I am studying scraping to improve my skills. I'm scraping a news site, and it takes 4 minutes to get the HTML a element. The reason for the long processing time is unknown. Is there any way to increase the processing time?
#sauce
from bs4 import BeautifulSoup
with open('News_20221211.html',encoding="UTF-8") as f:
soup = BeautifulSoup(f, 'html.parser’)
tag=soup.select_one("#content div div div:nth-of-type(8) div div div div div div div:nth-of-type(1) div div:nth-of-type(1) div div a")
my research Increasing the number of "divs" increased the processing time.
tag=soup.select_one("#content div div div:nth-of-type(8) div div div”)
# processing time is 7sec
tag=soup.select_one("#content div div div:nth-of-type(8) div div div div")
# processing time is 17sec
tag=soup.select_one("#content div div div:nth-of-type(8) div div div div")
# processing time is 80sec
tag=soup.select_one("#content div div div:nth-of-type(8) div div div div div div div:nth-of-type(1) div div:nth-of-type(1) div div a")
# processing time is 240sec
Thank you for your prompt reply.
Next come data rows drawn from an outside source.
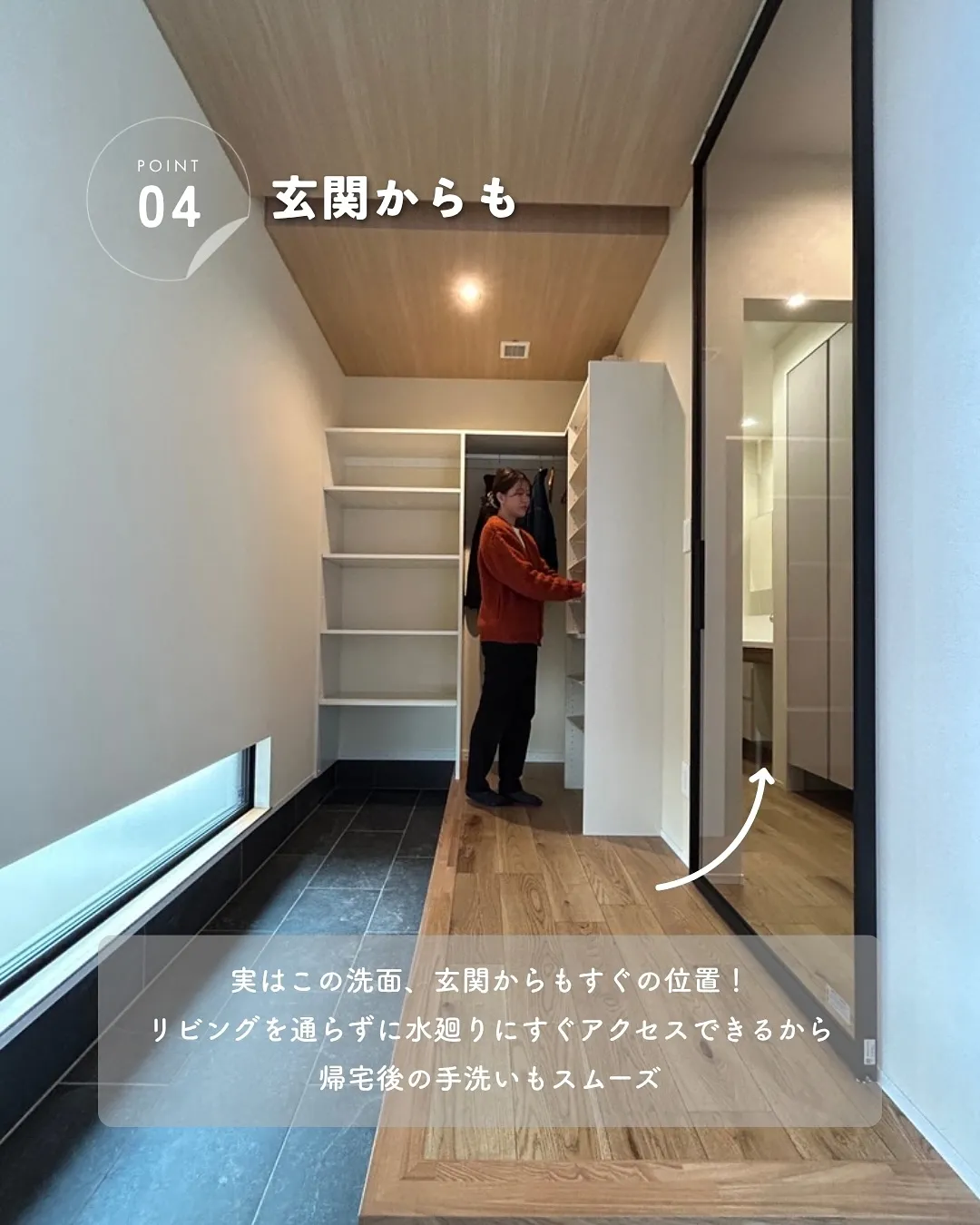 ＼知らなきゃ損！／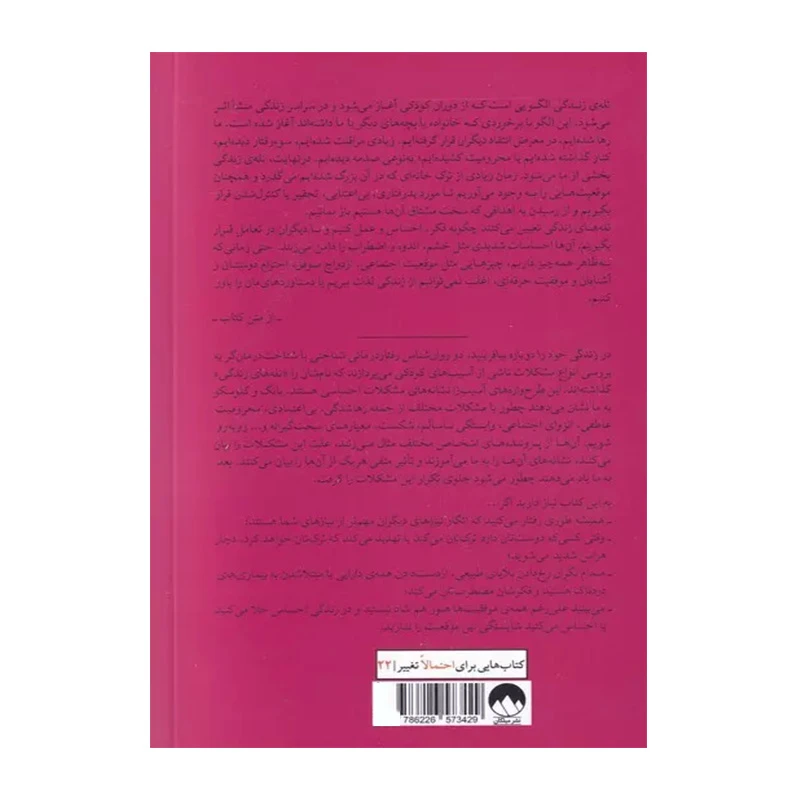 زندگی خود را دوباره بیافرینید۲.jpg
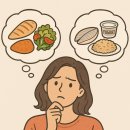 평생 다이어트식 이미지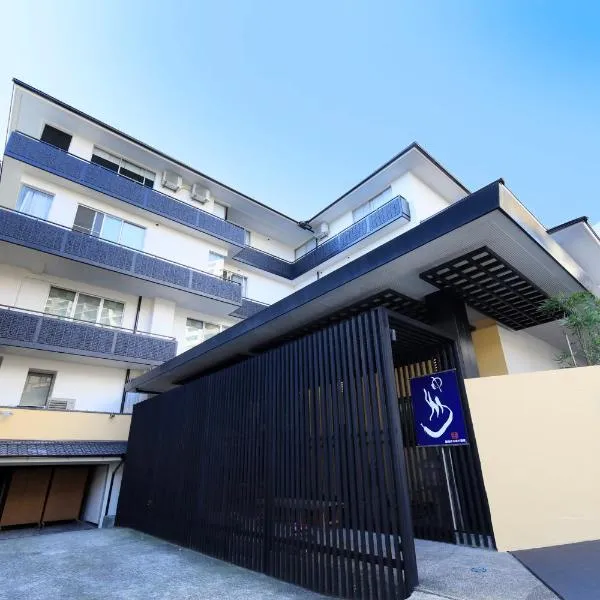 Yuyado Mikannoki, hotel v destinaci Atami
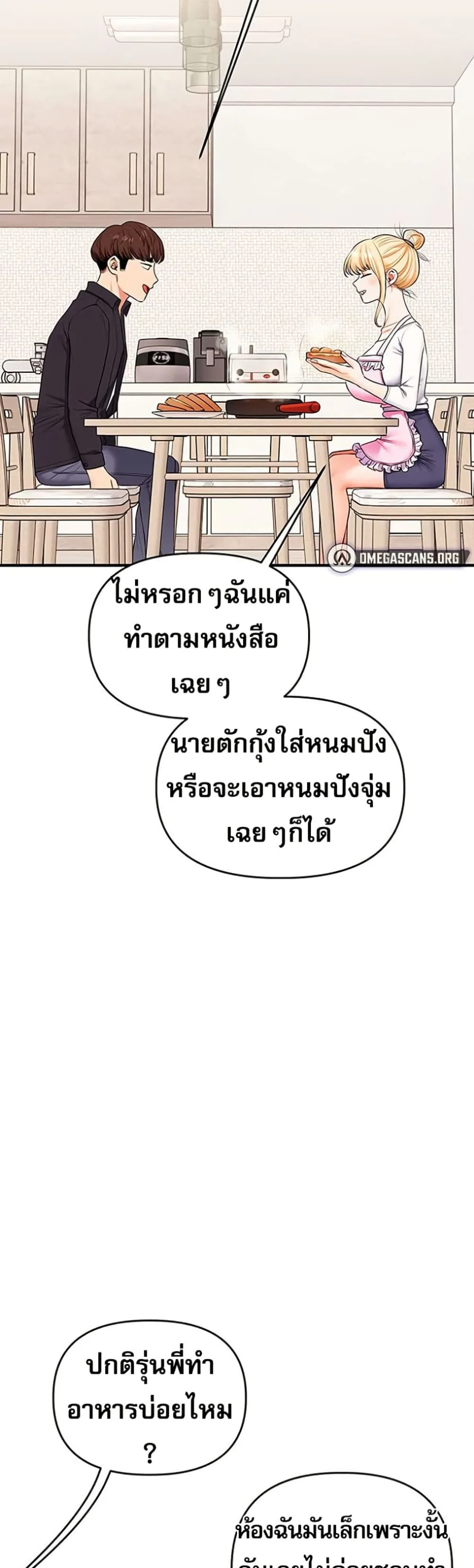 การกลับทิศทางของความสัมพันธ์ ตอนที่ 76 หน้า 29 - โดจินแปลไทย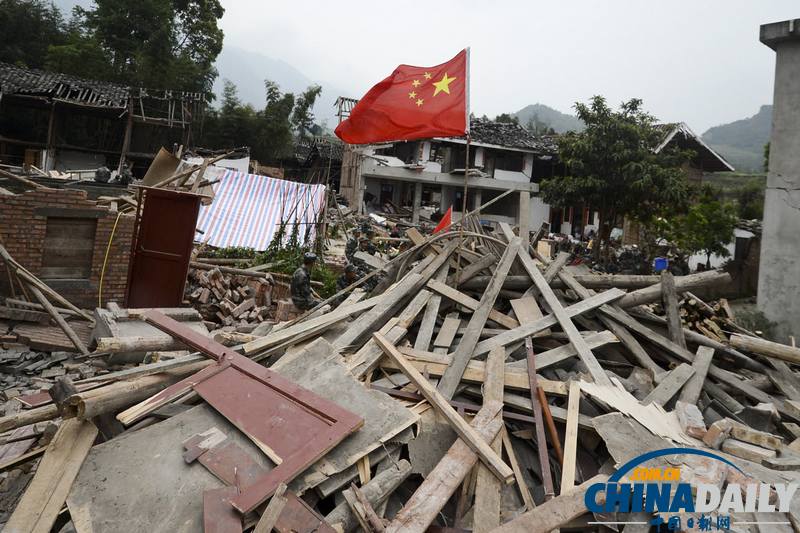 中國日報聚焦蘆山地震之現(xiàn)場篇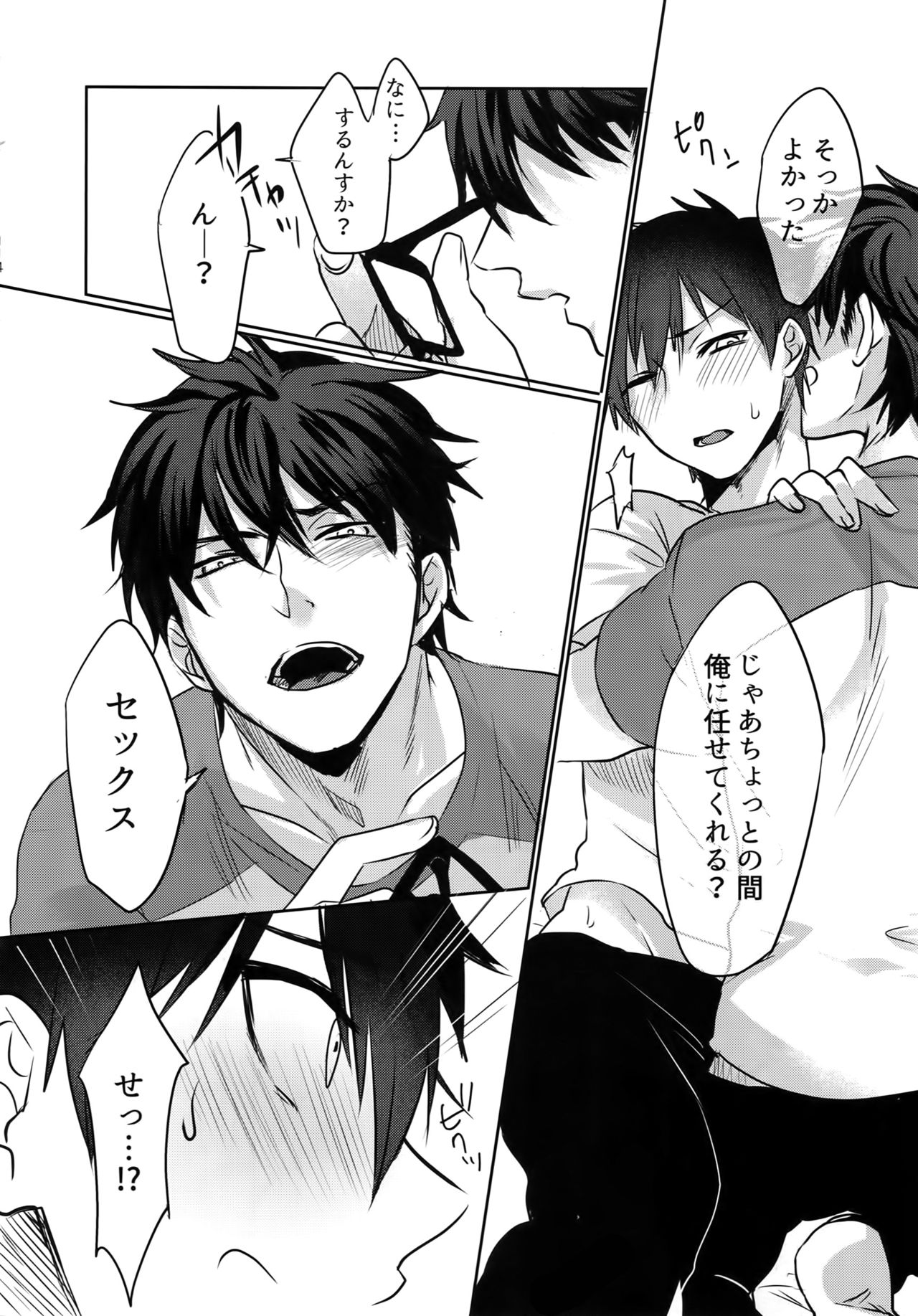 (Diamond Rainbow4) [Dig Dug (黒城)] BLACK-御沢再録集- (ダイヤのA)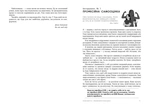 Персональний брендбук. Зображення №4
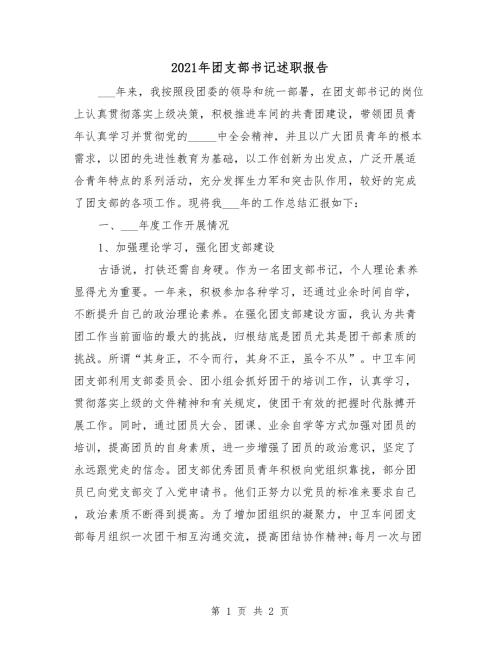 2021年团支部书记述职报告.doc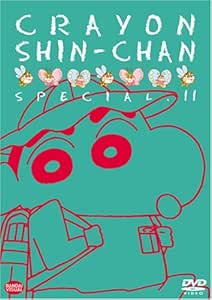 Amazon Co Jp クレヨンしんちゃんスペシャル 11 Dvd Dvd ブルーレイ クレヨンしんちゃん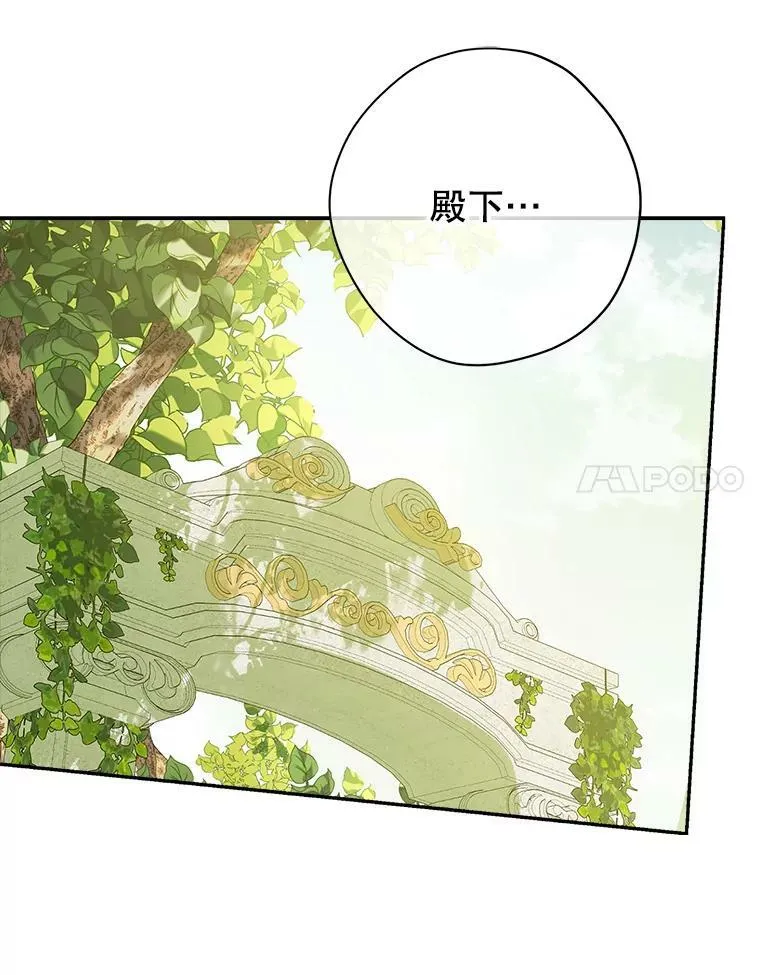 79.郊游会 第84页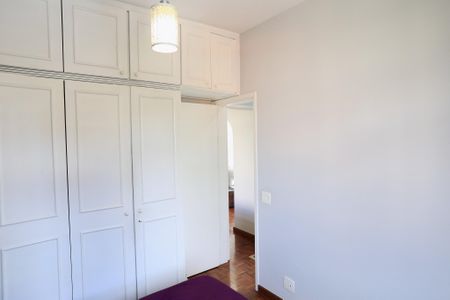 Apartamento à venda com 54m², 2 quartos e 1 vagaQuarto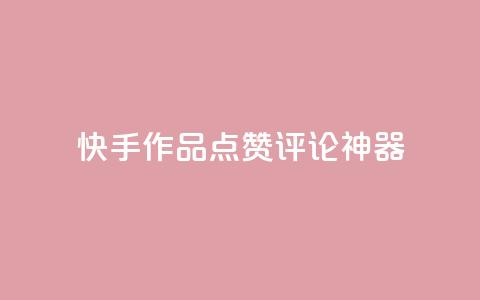 快手作品点赞评论神器,子潇网络快手业务平台 - 快手点赞商店下载软件 抖音做游戏短视频赚钱 第1张 快手作品点赞评论神器,子潇网络快手业务平台 - 快手点赞商店下载软件 抖音做游戏短视频赚钱 第1张
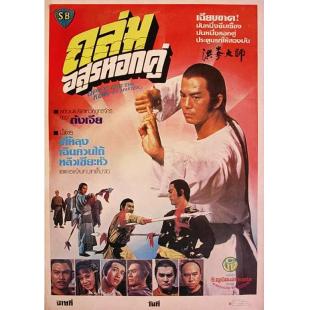 SJ-0659B 洪拳大师（第二版）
I use select_one and aim to create an environment where multiple news sites can be scraped simply by changing the conditions. I've captured the HTML I'm having trouble with. I will attach it.
CodePudding user response:
Maybe you could use a faster parser? The html.parser
that you're using in your code is relatively slow compared to other parsers such as html5lib
and lxml
. You could try using one of these parsers instead and see if it improves your processing time.
You might also try a different scraping method. Instead of using select_one
, you could try other methods such as find
or find_all
. These methods might be faster, but I'm not completely sure.
CodePudding user response:
No one likes to type from an image, so please take a minute to read Why should I not upload images of code/data/errors? for why.
However, it is a very specific path to an element, so I would recommend to change your strategy of how to select elements. Ask yourself what is realy needed to make the path specific enough and what could be skipped.
The element is part under a <h2>
with string Lists
, that´s parent container is the previous sibling of the one of your element, so you can go with:
soup.select_one('h2:-soup-contains-own("Lists")').find_parent('div',{'class':''}).find_next_sibling().a
Cause I am not sure what is your intension, there is also the option to change the source may https://datacentremagazine.com/top10/all will give you an easier entrypoint.
Example
import requests
from bs4 import BeautifulSoup
url = 'https://datacentremagazine.com/'
soup = BeautifulSoup(requests.get(url).text)
soup.select_one('h2:-soup-contains-own("Lists")').find_parent('div',{'class':''}).find_next_sibling().a
Output
<a href="/articles/top-10-data-centre-influencers-to-follow-on-linkedin"></a>